# [Work order]
For this exercise, restate word for word only the lines from the one containing "台南。安平》瑞珍蝦仁餛飩(效忠街)(安平古堡前) - 豬小詠的食旅隨行" through the last line below. Pictures do not get copied.

# [Material provided]
-------
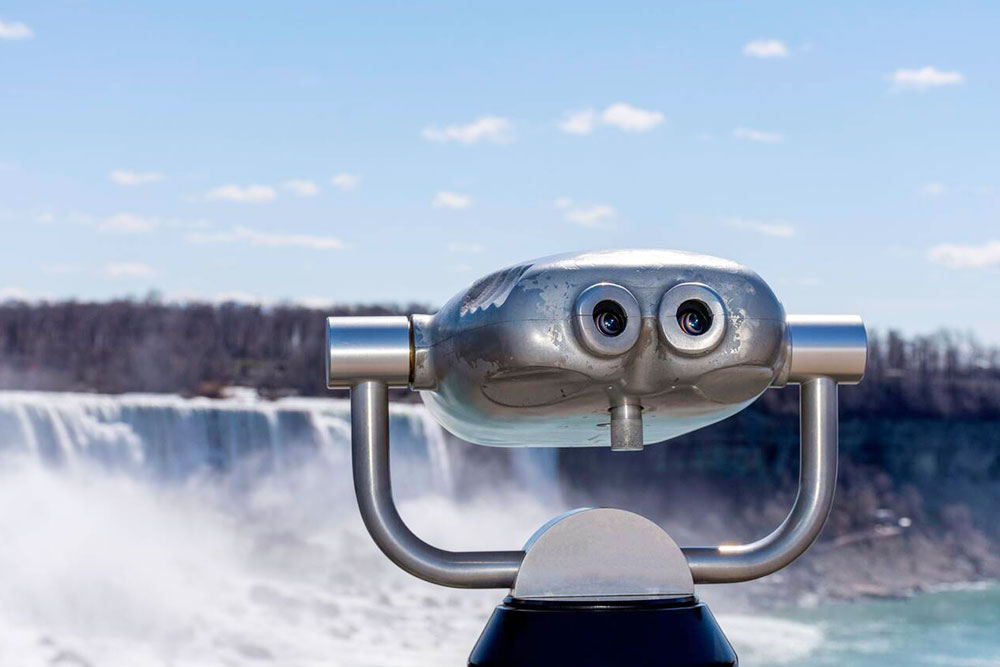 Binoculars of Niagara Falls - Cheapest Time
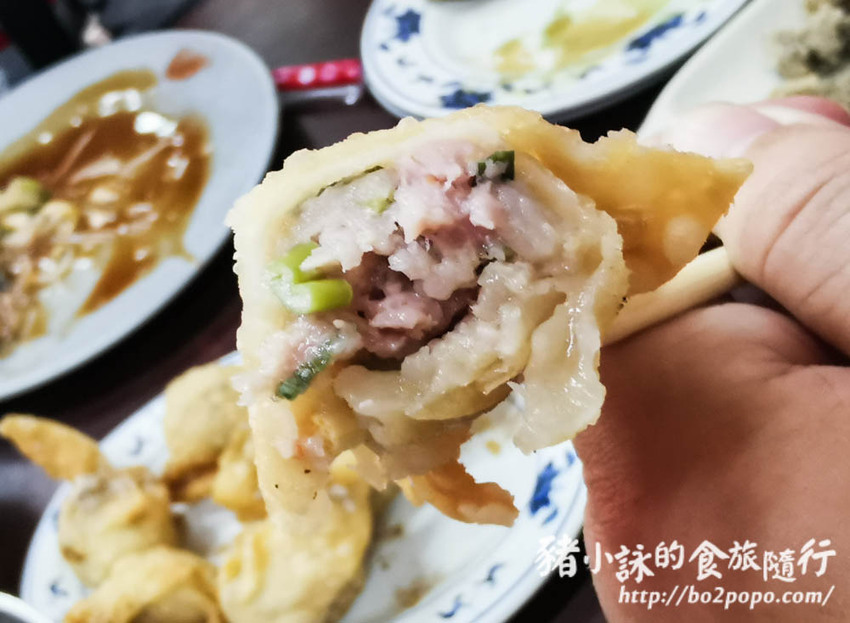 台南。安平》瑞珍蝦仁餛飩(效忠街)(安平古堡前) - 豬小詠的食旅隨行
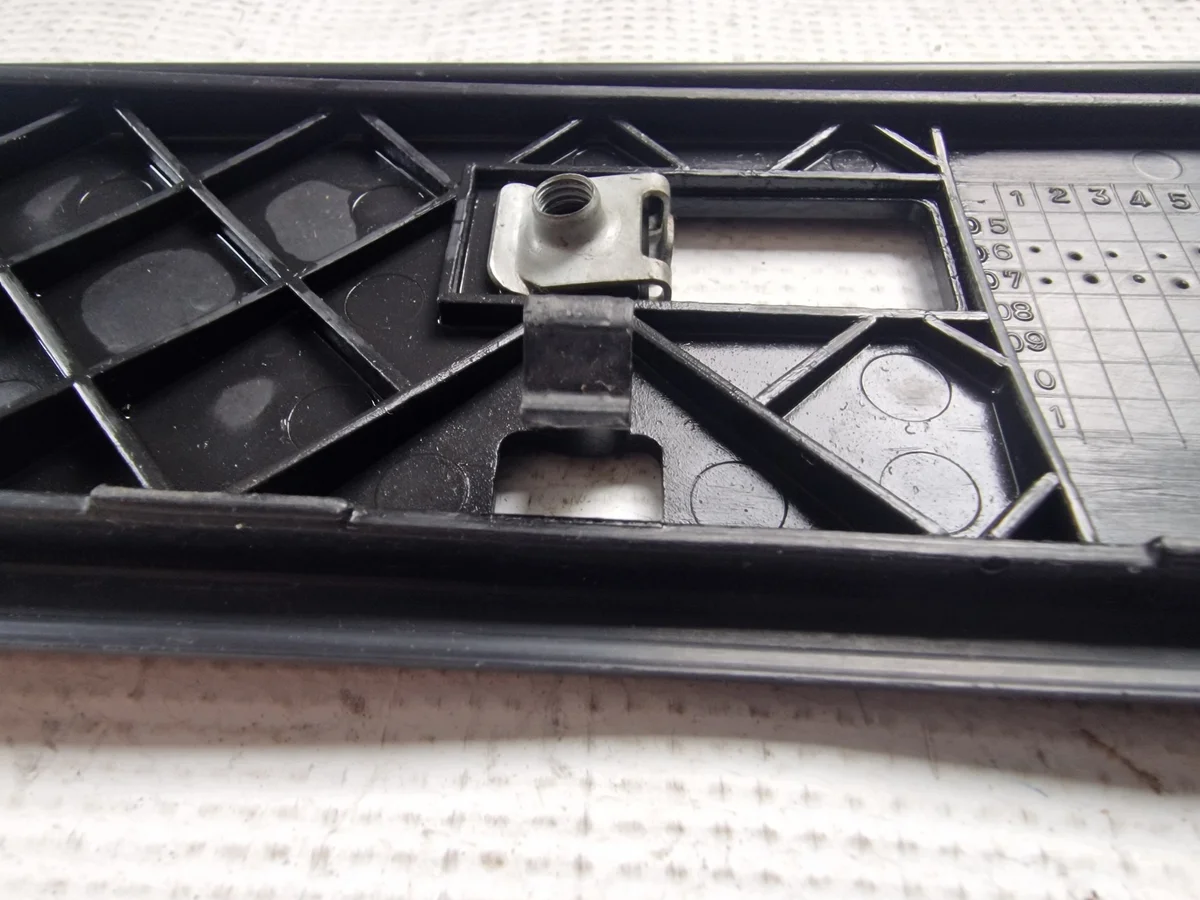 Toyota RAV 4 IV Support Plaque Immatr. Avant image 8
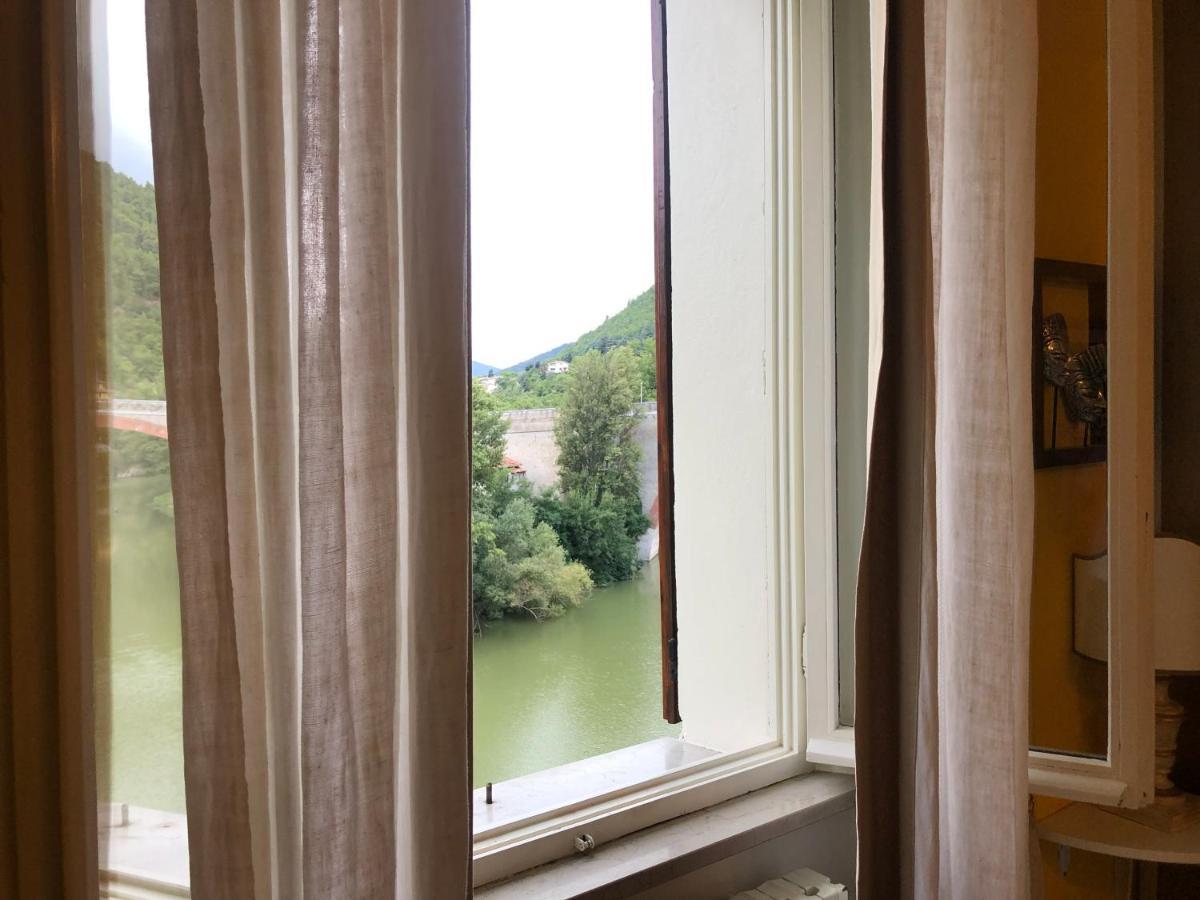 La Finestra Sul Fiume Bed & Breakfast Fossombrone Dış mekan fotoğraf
-------
# [Exercise response]
 台南。安平》瑞珍蝦仁餛飩(效忠街)(安平古堡前) - 豬小詠的食旅隨行
 Toyota RAV 4 IV Support Plaque Immatr. Avant image 8
 La Finestra Sul Fiume Bed & Breakfast Fossombrone Dış mekan fotoğraf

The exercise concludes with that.